И тут он не выдержал.
- Почему?! - закричал он. - Ну почему я дол жен говорить о смерти! И вообще, что это за безобразие! Я еду на свидание к юной девушке, перед этим готовлюсь, наглаживаюсь, бреюсь, черт возьми, так, что в меня глядеться можно, стою час в очереди за апельсинами! И вот вместо девочки меня встречает нудная старая баба и уже полчаса ведет заупокойные беседы. В боку у нее закололо - подумаешь! Вот у меня уже третью неделю насморк не проходит!

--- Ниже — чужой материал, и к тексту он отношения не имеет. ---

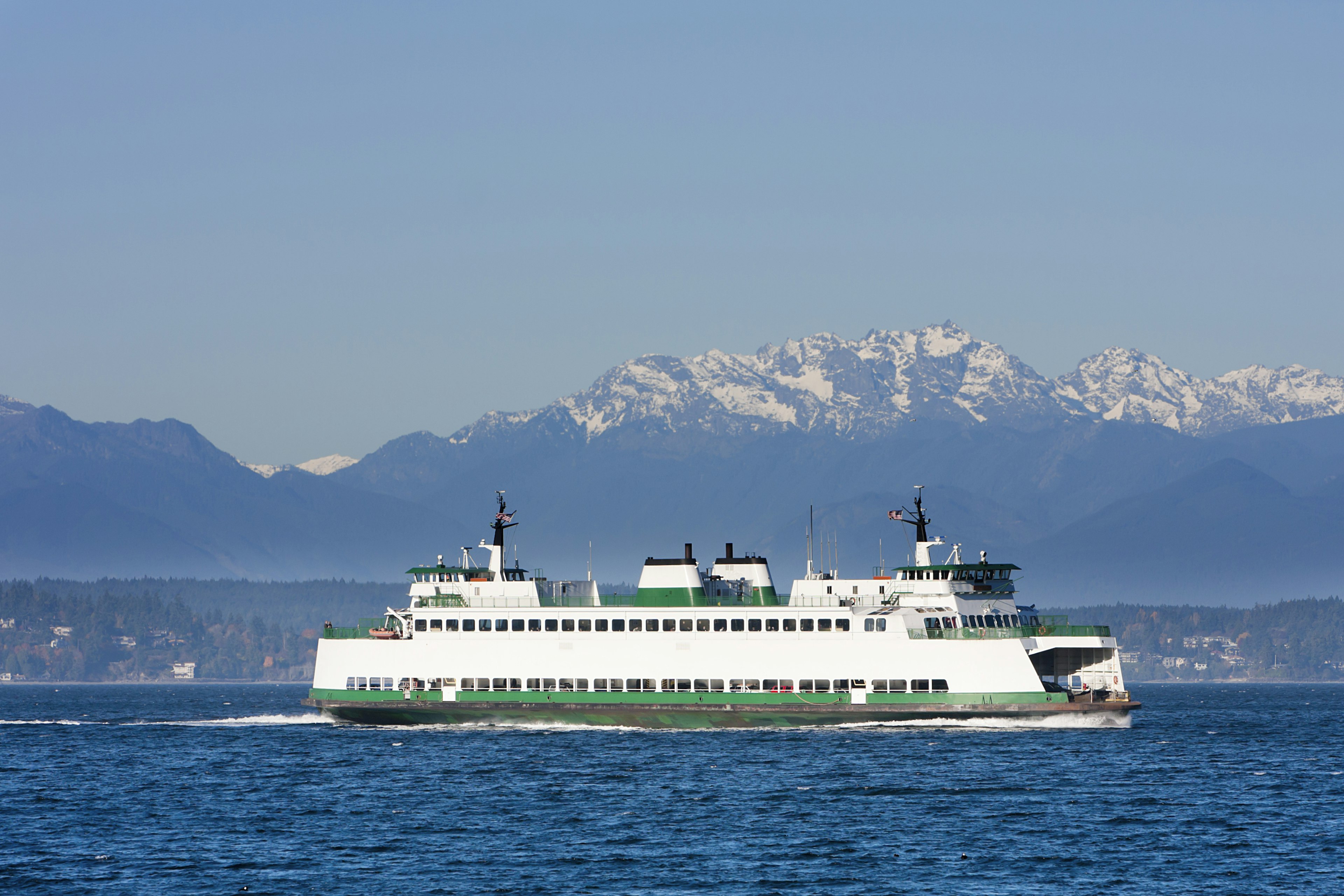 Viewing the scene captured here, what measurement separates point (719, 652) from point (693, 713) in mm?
2798

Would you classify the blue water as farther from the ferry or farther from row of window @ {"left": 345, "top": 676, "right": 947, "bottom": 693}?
row of window @ {"left": 345, "top": 676, "right": 947, "bottom": 693}

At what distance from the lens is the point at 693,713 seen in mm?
68750

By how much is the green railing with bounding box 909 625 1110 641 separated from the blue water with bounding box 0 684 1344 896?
159 inches

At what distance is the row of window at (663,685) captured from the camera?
6675 centimetres

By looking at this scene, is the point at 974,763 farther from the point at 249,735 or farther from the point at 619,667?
the point at 249,735

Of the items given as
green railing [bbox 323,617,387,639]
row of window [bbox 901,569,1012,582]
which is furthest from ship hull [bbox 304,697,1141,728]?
row of window [bbox 901,569,1012,582]

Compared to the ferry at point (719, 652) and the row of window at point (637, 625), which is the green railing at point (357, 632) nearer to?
the ferry at point (719, 652)

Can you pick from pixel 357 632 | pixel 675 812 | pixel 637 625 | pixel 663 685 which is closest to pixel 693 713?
pixel 663 685

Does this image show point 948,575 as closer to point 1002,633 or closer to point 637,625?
point 1002,633

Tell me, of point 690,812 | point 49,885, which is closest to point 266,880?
point 49,885

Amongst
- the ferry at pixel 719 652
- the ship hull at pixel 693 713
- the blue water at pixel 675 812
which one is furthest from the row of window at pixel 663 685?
the blue water at pixel 675 812

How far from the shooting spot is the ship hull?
6562 centimetres

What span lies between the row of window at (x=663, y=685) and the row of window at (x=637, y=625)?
2120 mm

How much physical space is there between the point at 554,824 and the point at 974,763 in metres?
18.2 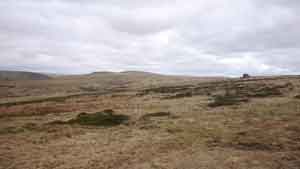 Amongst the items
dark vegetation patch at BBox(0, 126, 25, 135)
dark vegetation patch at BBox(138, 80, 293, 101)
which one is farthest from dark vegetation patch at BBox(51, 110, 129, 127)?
dark vegetation patch at BBox(138, 80, 293, 101)

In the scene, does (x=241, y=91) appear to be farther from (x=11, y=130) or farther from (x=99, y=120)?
(x=11, y=130)

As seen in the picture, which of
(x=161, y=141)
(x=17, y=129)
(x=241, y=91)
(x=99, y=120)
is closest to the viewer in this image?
(x=161, y=141)

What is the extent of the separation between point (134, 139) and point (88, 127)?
4880mm

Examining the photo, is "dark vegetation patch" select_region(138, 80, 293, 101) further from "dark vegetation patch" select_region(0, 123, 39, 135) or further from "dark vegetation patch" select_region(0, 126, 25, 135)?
"dark vegetation patch" select_region(0, 126, 25, 135)

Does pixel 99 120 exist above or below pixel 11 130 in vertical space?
above

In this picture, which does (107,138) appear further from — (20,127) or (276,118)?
(276,118)

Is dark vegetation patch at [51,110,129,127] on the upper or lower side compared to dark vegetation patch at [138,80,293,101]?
lower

Он выхватил из кармана наглаженный платок и стал отчаянно громко в него сморкаться. Но у него ничего не получалось, потому что он был абсолютно, восхитительно здоров...
- А ведь на носу зима, - сказала я. - Сезон носовых платков. Что ты будешь делать зимой со своим насморком?
- А вот что: мы кошмарно напьемся, третьим возьмем твоего ненормального братца, будем шататься в обнимку по улицам и орать песни страшными голосами. ..
- И пусть идет снег.
- Пусть, - согласился он.- Изо рта у нас будет валить пар, и все вместе мы будем похожи на огнедышащего дракона. О трех головах.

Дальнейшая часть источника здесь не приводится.